Thanks a lot for this very detailed explanation, Simon! @SimonW
I’m not sure what you mean by optimization being unrolled into many layers. Optimization (you probably mean model optimization) is not even applied here. There is no history, no gradients, only forward results.
‘Optimization’ was a typo, I actually mean computation. For inference based models, e.g. in Adapt DeconvNet, the coefficients in each layer are computed by solving an optimization, which requires many iterations of convolution and transpose convolution. Then the coefficients are sent to the next layer. In BP based networks, the coefficients are solved by a single convolution, which is forward. My previous concern was that if I manually implement the inference optimization, which is similar to the for loop I provided earlier, the underlying PyTorch implementation might build some graph or other structures. Building this graph for an inference optimization is like unrolling the optimization into many forward layers. According to what you said, it seems in this case (requires_grad=False or volatile=True) PyTorch won’t do anything heavy.
Why does dynamic graph imply being not safe?
Just as the above explanation, by ‘safe’ I really mean there is no additional expensive behaviors beyond just the tensor computation.
You have some valid point, but it’s not really that we are narrow minded. It was a design choice to separate things that tracks history for BP (which became Variable) and things that don’t (which became Tensor). And the former is naturally in the .autograd namespace.
Separating Variable and Tensor was great! That simplifies a lot of code migration from CPU numpy code to GPU Tensor code. This was one of the reasons a few peers switched from Tensorflow to PyTorch. Another big reason is this forum is awesome!
And due to popularity reasons and code structure, things like conv layers are only directly supported on Variables. (you can also make them work directly on tensors with a bit of work.)
It’s why I said ‘yet this step is so easy to make’. Actually I was thinking about writing a set of convolution functionals for Tensors. If you can give me some hints or pointers, that will be great! When you use Variable under autograd package to build an inference based model, it generally makes people worry about the graph or other overhead. I actually discussed this with a few other users of PyTorch and Tensorflow. Our general consensus is that when you try to build an inference model, this design makes things much less straight forward. And overall, only Tensors and convolutions (for Tensors) are needed.
Futhermore, this volatile=True option (you don’t need requires_grad=False if you set volatile=True) already gives you very similar experience to directly working on tensors.
Okay, then I will use this while waiting for the next version.
Moreover, as @albanD mentioned above, we have merged the two classes together.
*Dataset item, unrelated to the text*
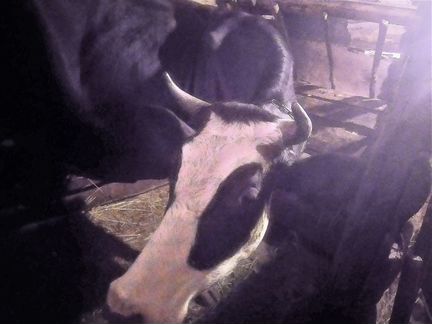 Корова ярославской породы - фотография № 5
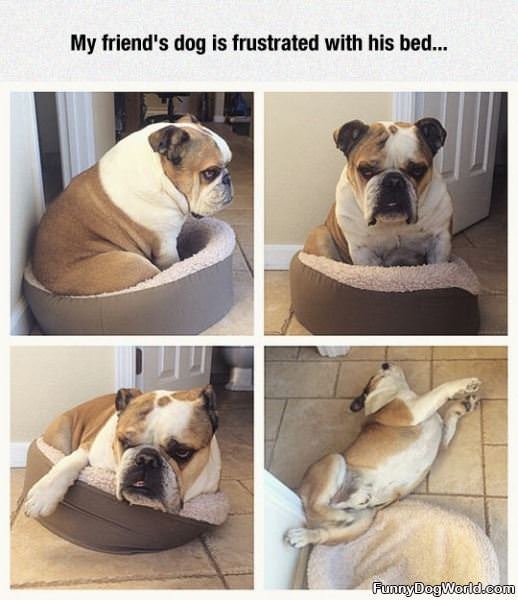 Frustrated With His Bed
I didn’t completely get this. Does that mean when they are merged, there will be a set of convolution function provided for clean tensors? If not, I would like to start to implement these functions though I might need some minimal instructions.
So I don’t really get the reason for this complaint.
Maybe narrow minded was a bit too strong. (We actually discussed what was the right word to express the feeling. It’s really just a wish that PyTorch can become a better framework for theoretical modeling development.) We actually think PyTorch did a great job on the Tensor part. If a set of convolution functions are provided for clean Tensors, the framework is going to be much more perfect to support many inference based models. If my complaint was too strong, I apologize for that since PyTorch really did a good job.